* _Work request_
Using the data that follows, give again word for word the lines between the one holding "Ikshita Choudhary Pink" and the one holding "Damen Zweiteilige Hose, Blazer, Hosenanzüge, zweiteiliges", inclusive. Omit the pictures.

* _Data for the task_
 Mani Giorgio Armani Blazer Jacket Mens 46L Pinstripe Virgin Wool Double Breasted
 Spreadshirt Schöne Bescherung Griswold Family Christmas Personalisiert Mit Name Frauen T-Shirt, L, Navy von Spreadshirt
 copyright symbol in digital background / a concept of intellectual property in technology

---

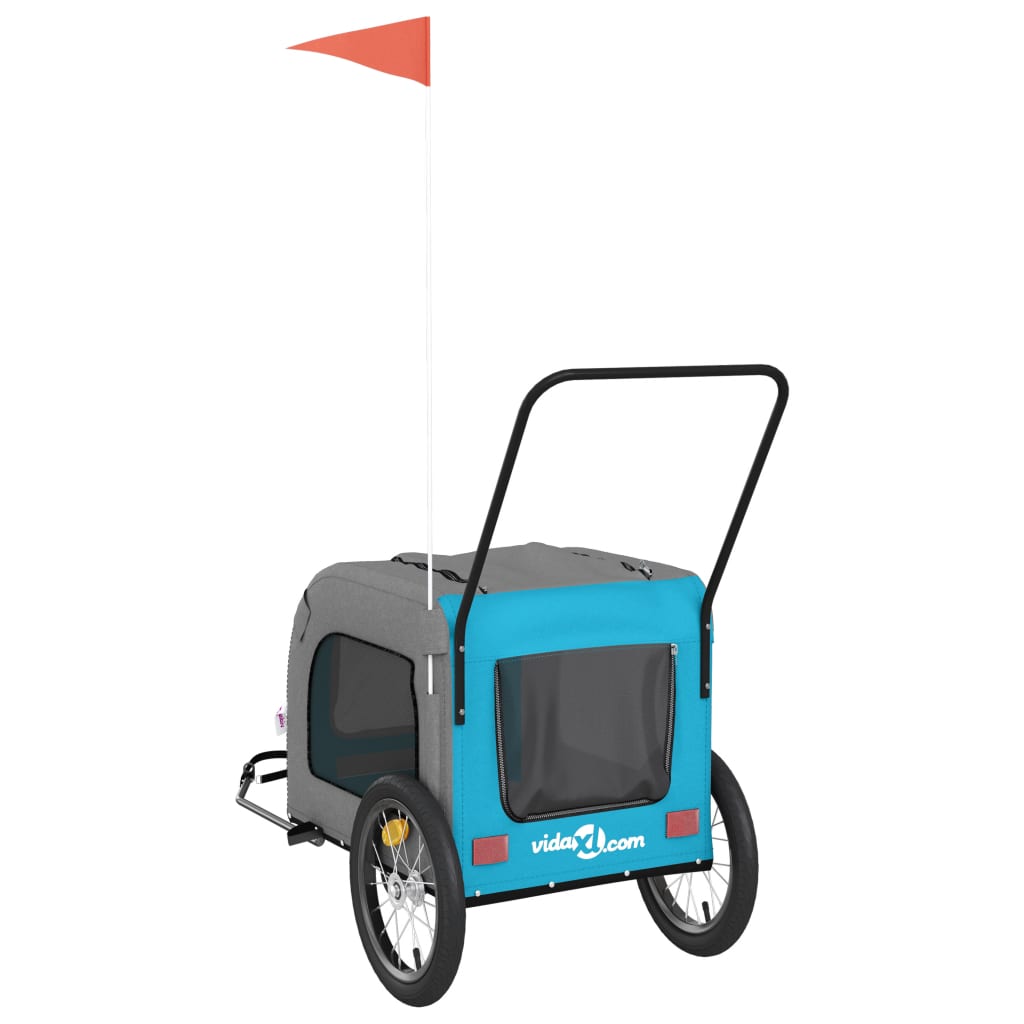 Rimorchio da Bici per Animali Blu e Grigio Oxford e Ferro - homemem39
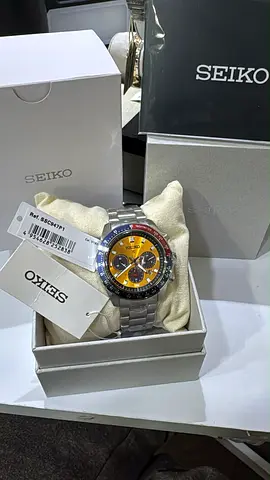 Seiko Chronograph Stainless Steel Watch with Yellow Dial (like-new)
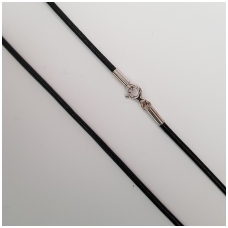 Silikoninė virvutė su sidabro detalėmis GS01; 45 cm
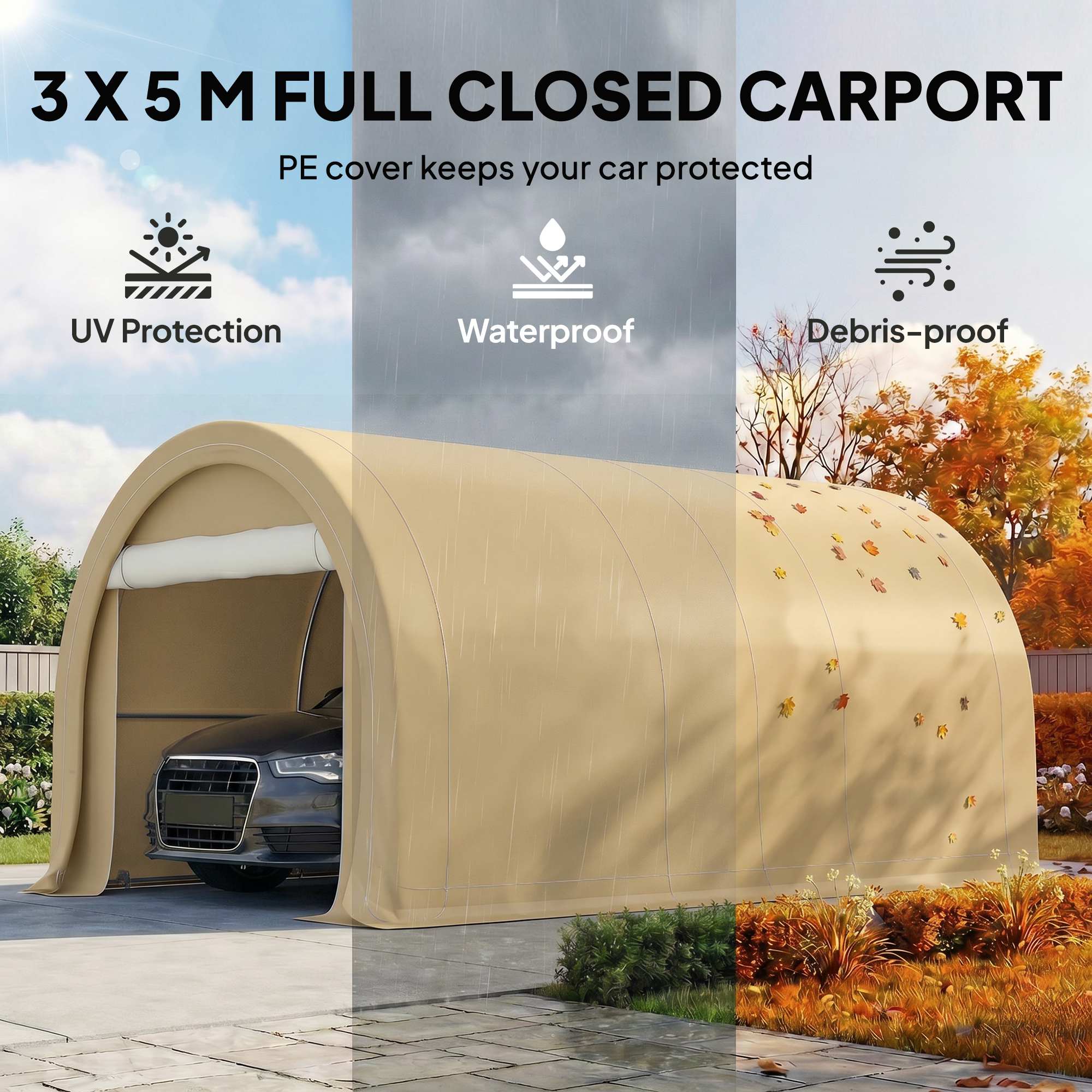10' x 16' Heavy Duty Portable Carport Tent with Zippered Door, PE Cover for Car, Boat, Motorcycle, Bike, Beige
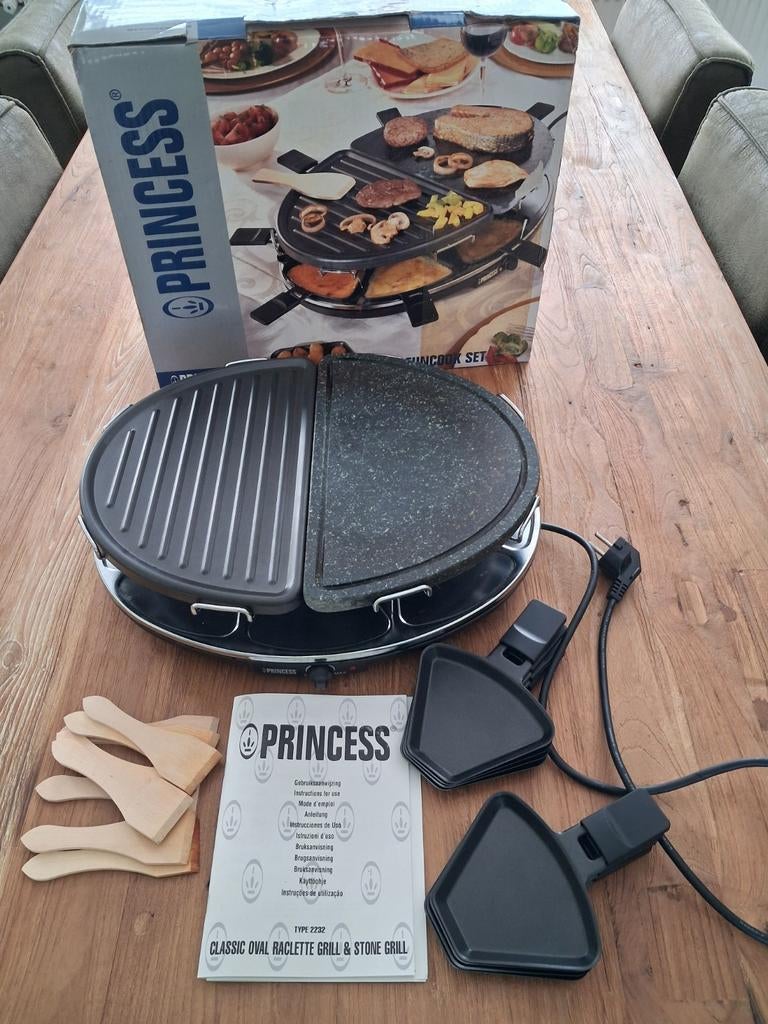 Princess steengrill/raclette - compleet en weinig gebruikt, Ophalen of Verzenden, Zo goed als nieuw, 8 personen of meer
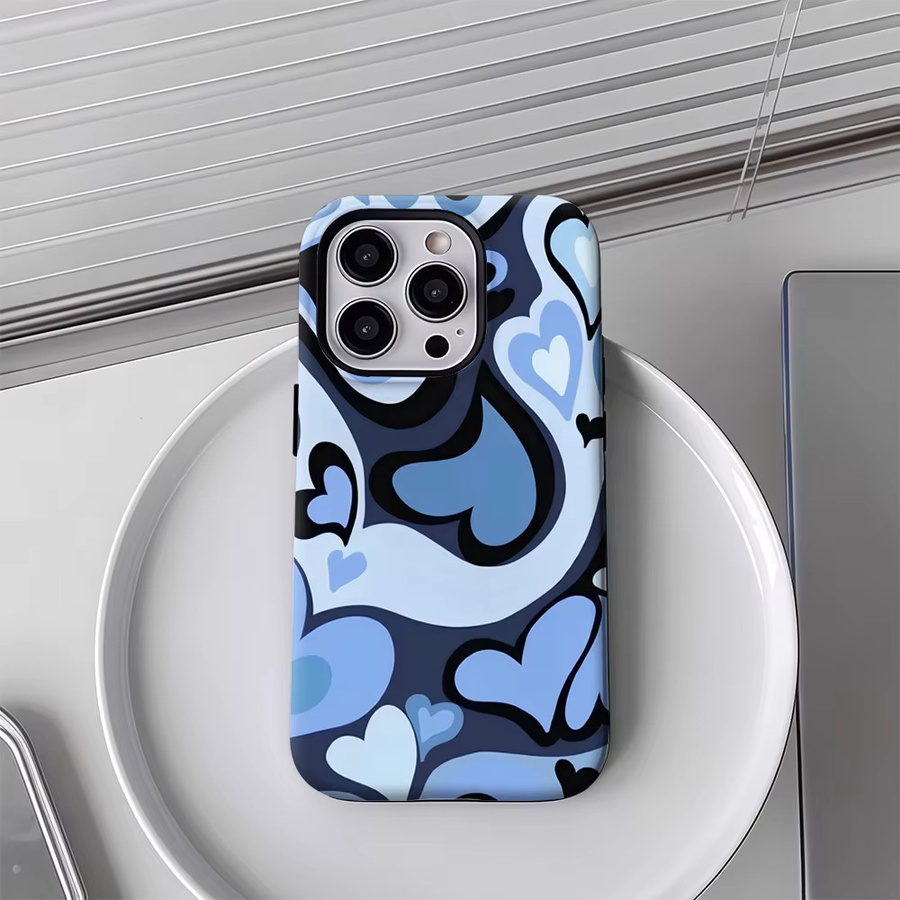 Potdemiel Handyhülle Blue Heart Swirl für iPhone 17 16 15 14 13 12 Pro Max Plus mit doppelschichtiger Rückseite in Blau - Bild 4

...

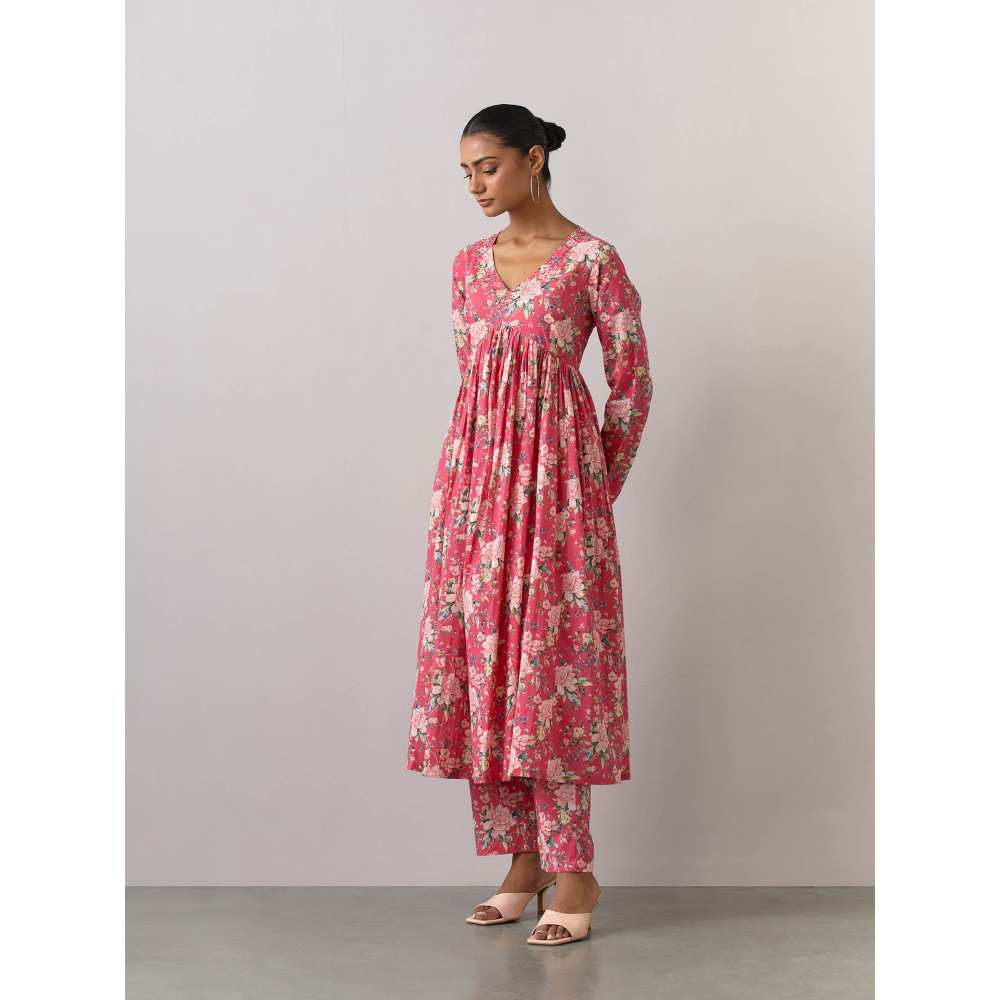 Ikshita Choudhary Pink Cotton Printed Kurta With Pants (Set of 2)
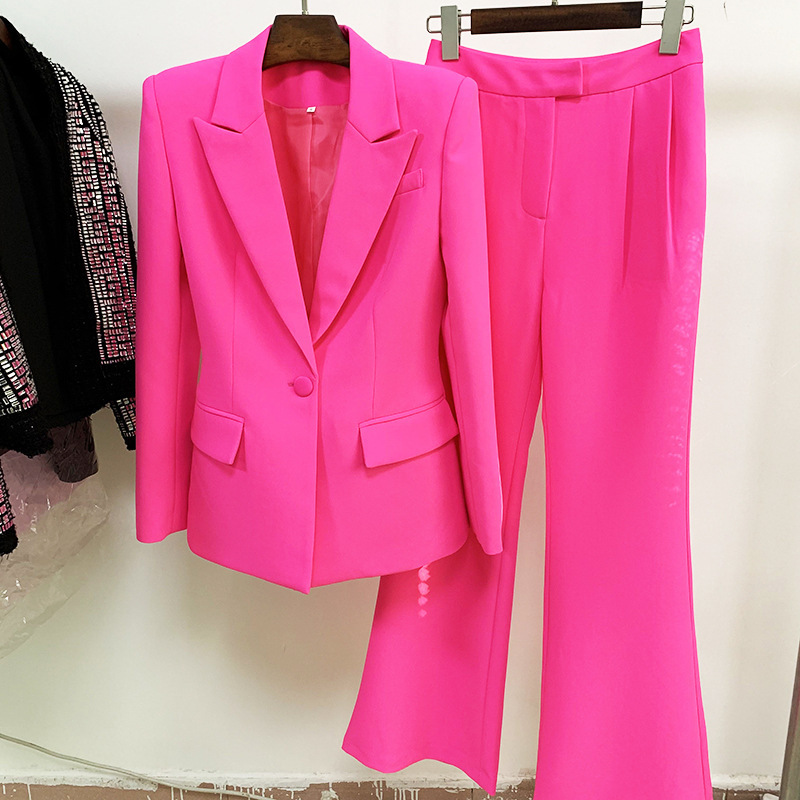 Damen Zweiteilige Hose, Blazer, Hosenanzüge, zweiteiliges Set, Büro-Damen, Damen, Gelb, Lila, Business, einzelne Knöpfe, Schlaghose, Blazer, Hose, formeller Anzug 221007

* _Response to this exercise_
 Ikshita Choudhary Pink Cotton Printed Kurta With Pants (Set of 2)
 Damen Zweiteilige Hose, Blazer, Hosenanzüge, zweiteiliges Set, Büro-Damen, Damen, Gelb, Lila, Business, einzelne Knöpfe, Schlaghose, Blazer, Hose, formeller Anzug 221007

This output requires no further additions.